Corporate governance principles

SATO Corporation (below also “Company”) is a Finnish housing investment company. Its largest shareholders are institutional investors. The business of SATO Group has been divided into three areas of responsibility: Housing Business, Investments and Commercial Department. These functions are supported by Business Development, Marketing and Communications, Financial Administration, IT Management, Procurement, HR Management and Legal Affairs.

SATO’s values  Human to Human, Be Bold – Aim High, and Joy of Succeeding Together  have been defined by personnel and adopted by the Board of Directors. All activities within SATO Group start out with regard for our shared values and activities consistent with them.

The governance of SATO Corporation is based on the Finnish Limited Liability Companies Act and SATO Corporation's Articles of Association. The Company also complies with the 2020 Finnish Corporate Governance Code issued by the Securities Market Association. The shares of SATO Corporation are not publicly listed. SATO Group’s Corporate Governance Statement, which includes descriptions of risk management, internal control and internal management, and its Remuneration Statement are published at the same time as the Annual Report.

SATO has issued corporate bonds, which are listed on the Irish Stock Exchange, and the Company complies with the rules and regulations issued by this Exchange for listed bonds as well as with the EU Market Abuse Regulation, securities markets legislation and the regulations of supervisory authorities.

The Company’s Board of Directors has adopted a set of insider guidelines that cover trading in the shares and other financial instruments of SATO Corporation.
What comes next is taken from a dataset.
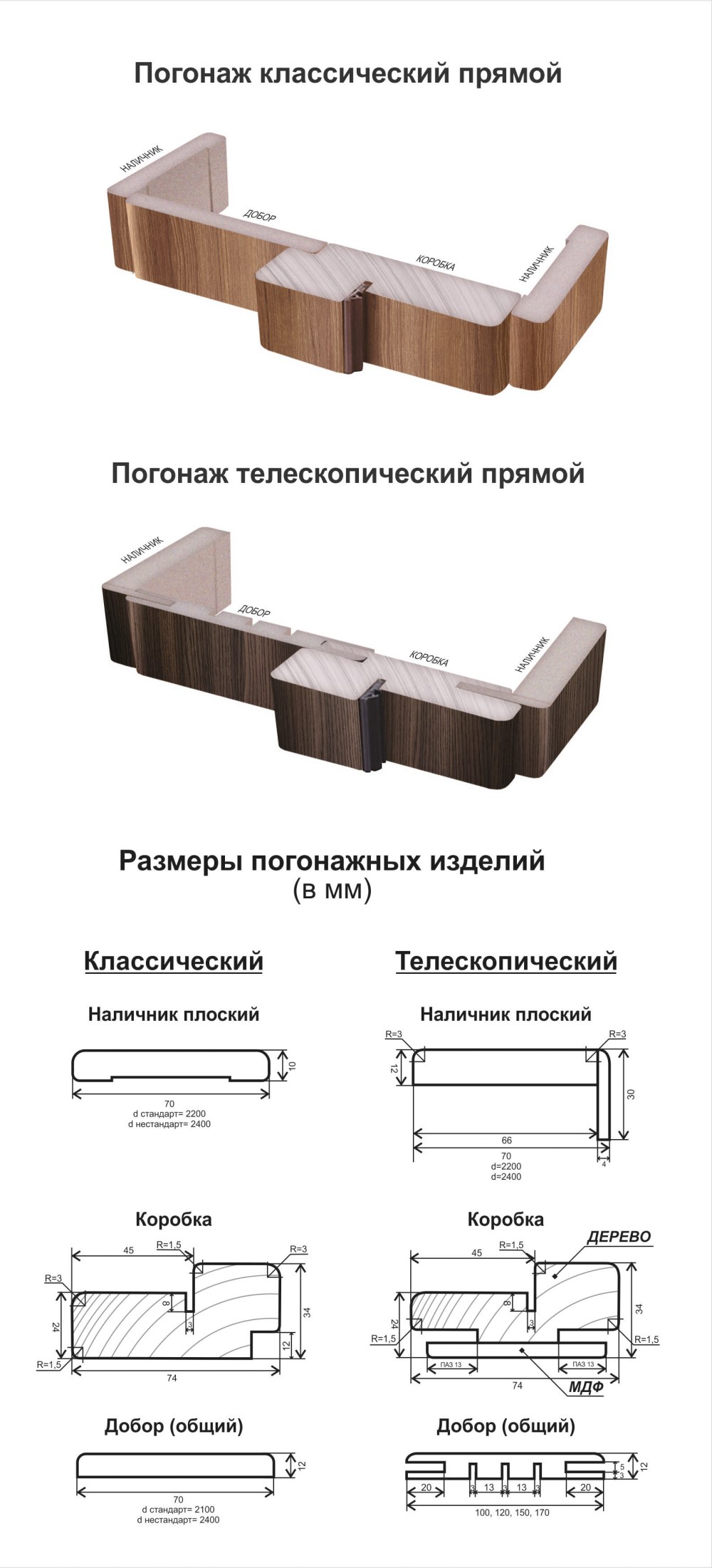 Наличник телескопический шириной 86мм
SATO Corporation prepares its consolidated financial statements and interim reports in accordance with the International Financial Reporting Standards (IFRS) approved in the EU. The report of the Company’s Board of Directors and the financial statements of the parent company are prepared in accordance with Finnish accounting legislation. An independent external appraiser is commissioned to issue a statement on the values of SATO's housing portfolio and plot reserves as well as the appropriateness of the methods used to assess the values.
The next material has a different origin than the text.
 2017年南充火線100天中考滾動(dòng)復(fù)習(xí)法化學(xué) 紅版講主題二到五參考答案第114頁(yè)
Decision-making power and governance in the Company is divided among the general meeting of shareholders, the Board of Directors and the President and CEO. The currently valid Articles of Association of SATO Corporation were registered on 19 April 2018.

The general meeting of shareholders is the highest governing body of SATO Corporation, the parent company of SATO Group. The general meeting has established a Shareholders’ Nomination Committee and approved its rules of procedure. The duties of the Committee are to prepare proposals concerning the composition of the Board of Directors and the remuneration of Board members for the Annual General Meeting.

The general meeting appoints no fewer than five and no more than nine members to the Board of Directors and also appoints one member of the Board to serve as its Chair. The Board of Directors appoints one of its members to serve as Deputy Chair. The majority of Board members must be independent of the Company and at least two of the members in this majority must also be independent of the significant shareholders. The Board of Directors of SATO Corporation has adopted rules of procedure covering the duties, meeting procedures and decision-making practices of the Board of Directors.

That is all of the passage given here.